(Records from a data collection)
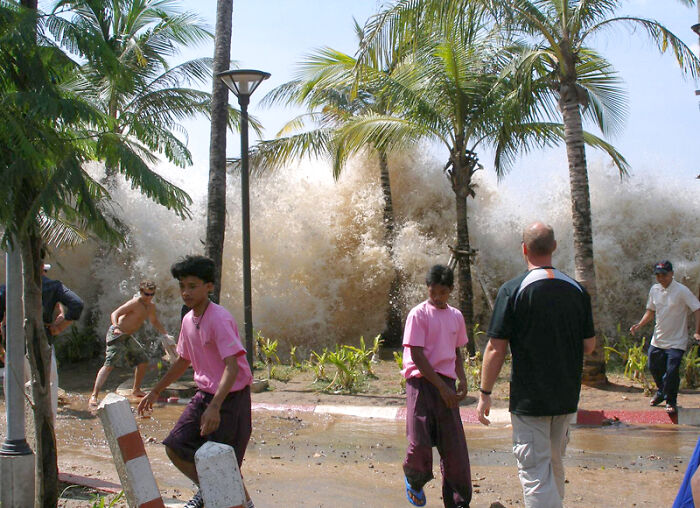 People fleeing a massive wave crashing on a beach, signifying a creepy photo with a dark history.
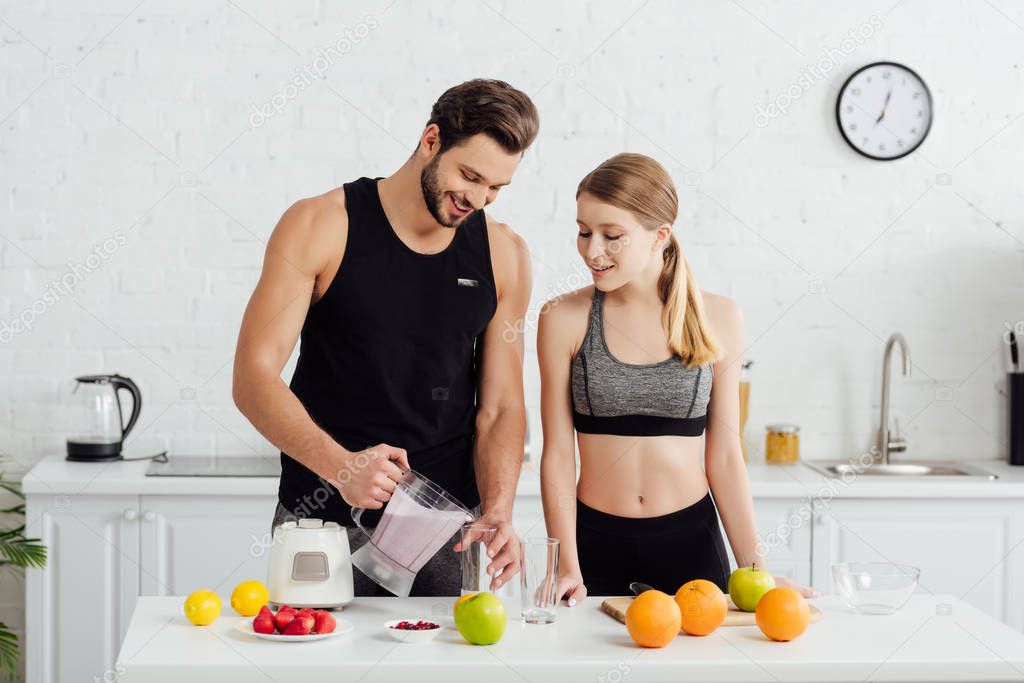 sportive man holding blender with smoothie near happy girl and fruits 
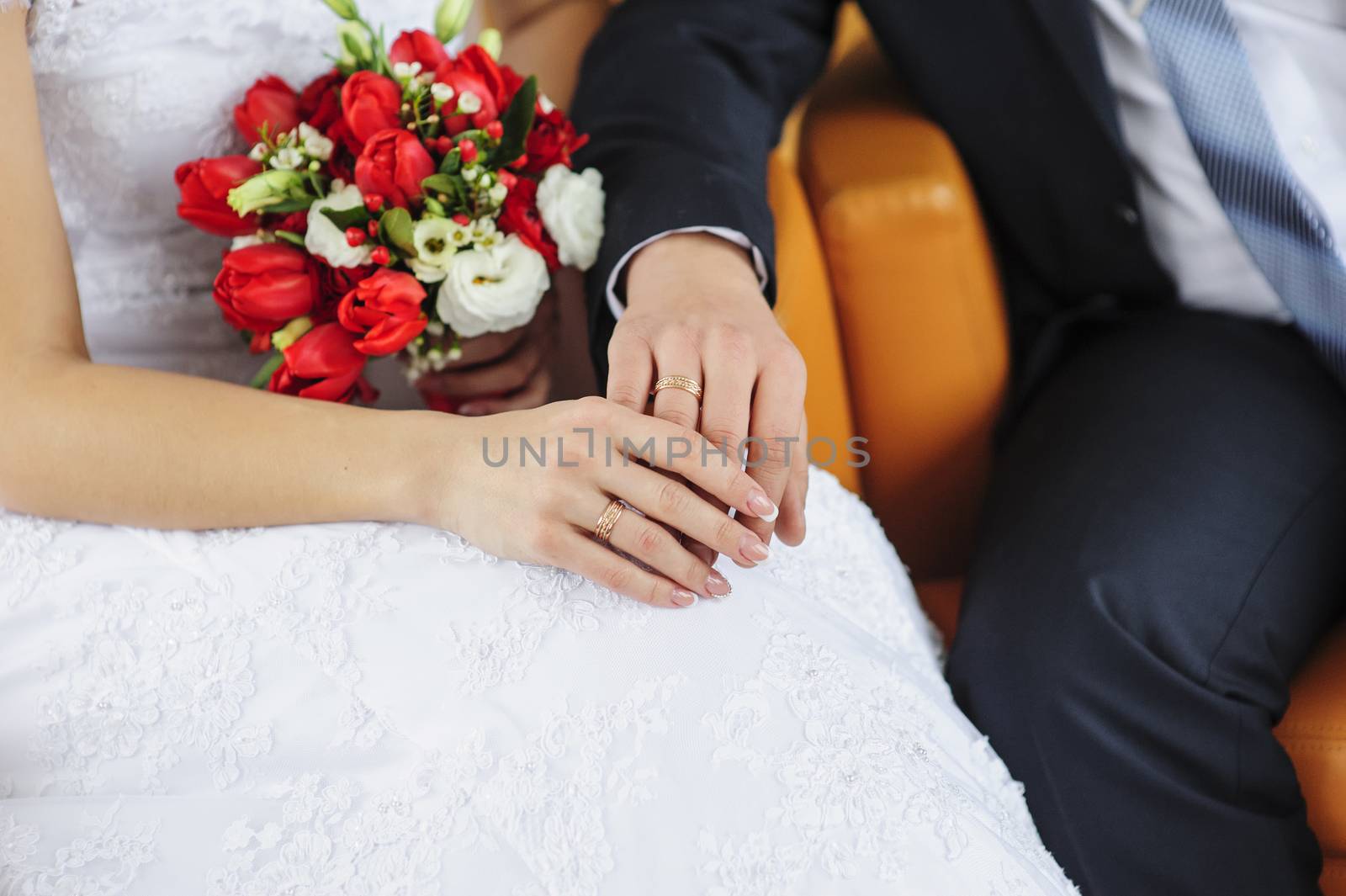 Hands and rings on wedding bouquet. wedding theme background 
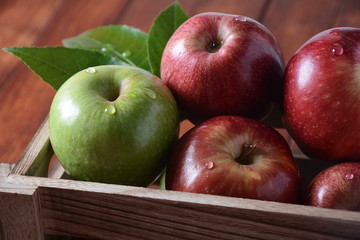 Fresh red and green apples in wooden box in rustic style. Healthy food 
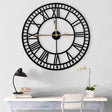 Large Roman numeral skeleton wall clock black 60cm — iDecorators Kenya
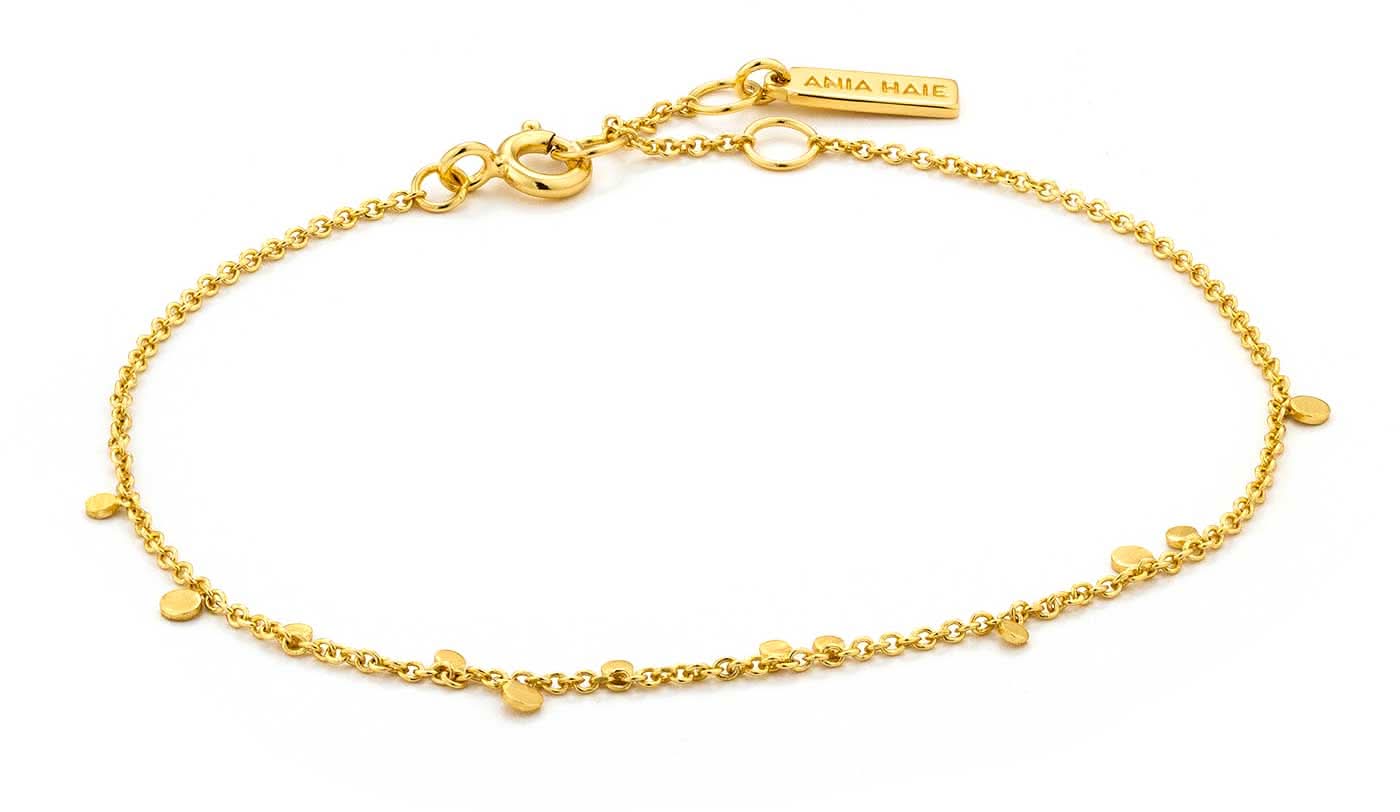 Bracciale color oro con piccoli pendenti a disco e maglie, chiusura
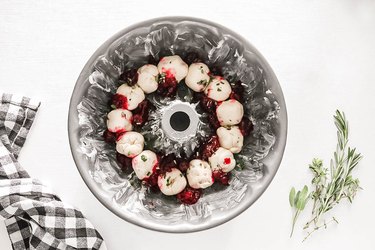 Dough in Bundt pan with herbs and cranberry sauce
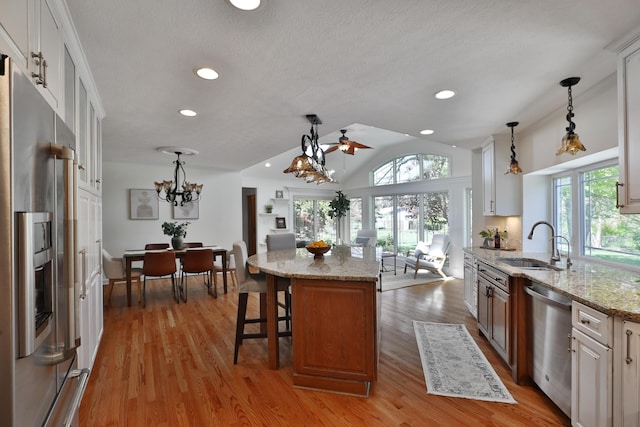 kitchen featuring lofted ceiling, light stone countertops, a sink, hanging light fixtures, and stainless steel appliances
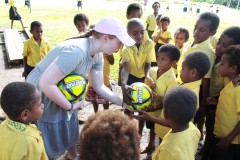 Giving out donated soccer balls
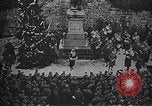 Image of American soldier giving chocolates to children France, 1918, second 60 stock footage video 65675039777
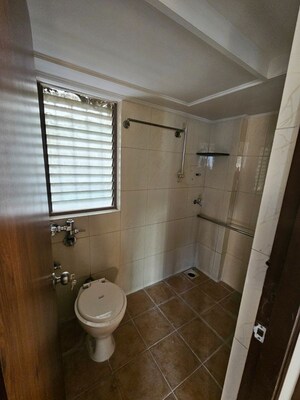 Bathroom in 2 BHK Apartment at Marathon Cosmos, Mulund West – for Rent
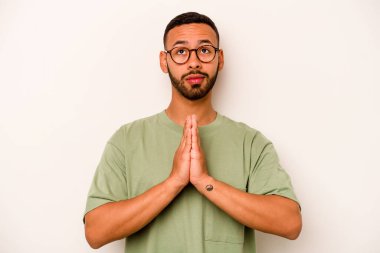 Beyaz arka planda izole edilmiş genç bir İspanyol. El ele tutuşup dua ediyor. Kendine güveniyor..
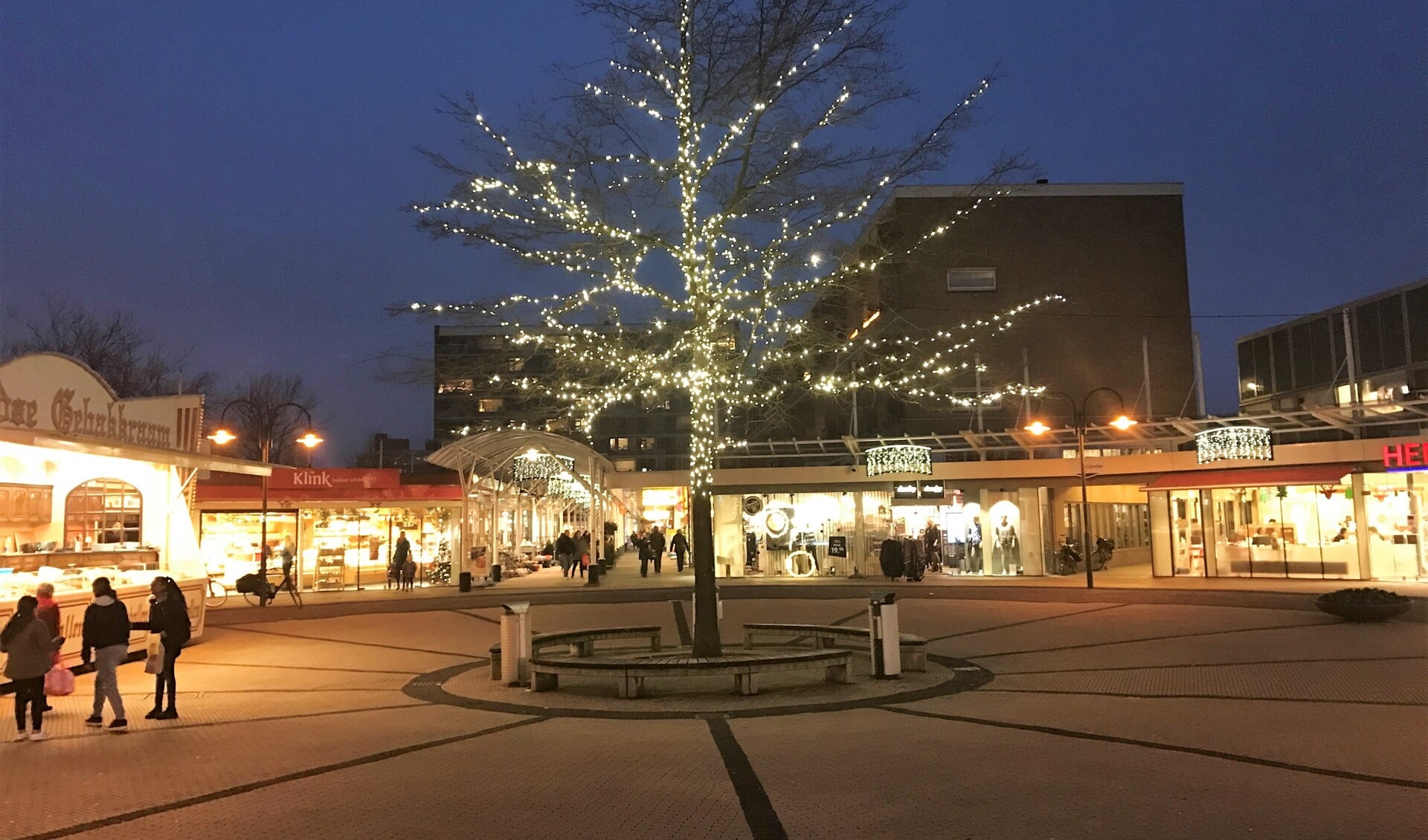 De boom op het centrale plein van De Julianabaan is voorzien van lichtjes en de winkels zijn voorzien van sfeervolle kerstversiering en -verlichting.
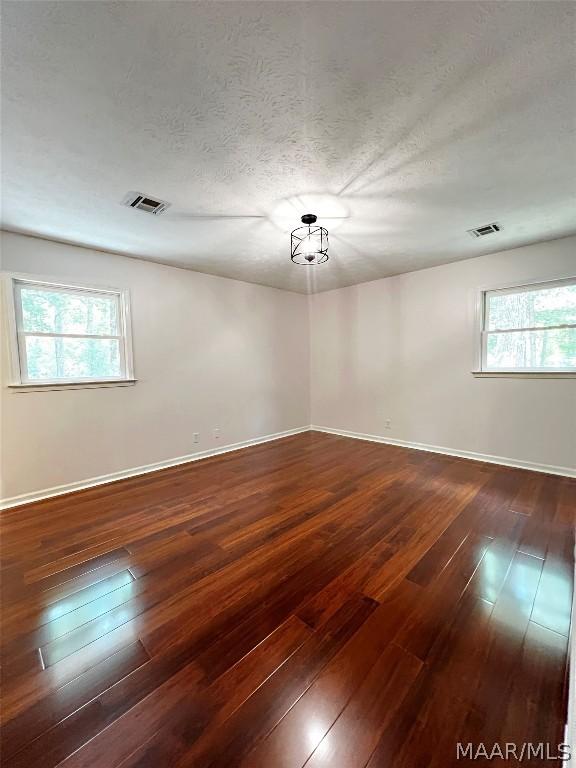 unfurnished room with dark hardwood / wood-style floors and a textured ceiling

#### WORK TASK:
Every entry should come back exactly as written, only without images.

#### YOUR RESPONSE:
 People fleeing a massive wave crashing on a beach, signifying a creepy photo with a dark history.
 sportive man holding blender with smoothie near happy girl and fruits 
 Hands and rings on wedding bouquet. wedding theme background 
 Fresh red and green apples in wooden box in rustic style. Healthy food 
 Large Roman numeral skeleton wall clock black 60cm — iDecorators Kenya
 Bracciale color oro con piccoli pendenti a disco e maglie, chiusura
 Dough in Bundt pan with herbs and cranberry sauce
 kitchen featuring lofted ceiling, light stone countertops, a sink, hanging light fixtures, and stainless steel appliances
 Giving out donated soccer balls
 Image of American soldier giving chocolates to children France, 1918, second 60 stock footage video 65675039777
 Bathroom in 2 BHK Apartment at Marathon Cosmos, Mulund West – for Rent
 Beyaz arka planda izole edilmiş genç bir İspanyol. El ele tutuşup dua ediyor. Kendine güveniyor..
 De boom op het centrale plein van De Julianabaan is voorzien van lichtjes en de winkels zijn voorzien van sfeervolle kerstversiering en -verlichting.
 unfurnished room with dark hardwood / wood-style floors and a textured ceiling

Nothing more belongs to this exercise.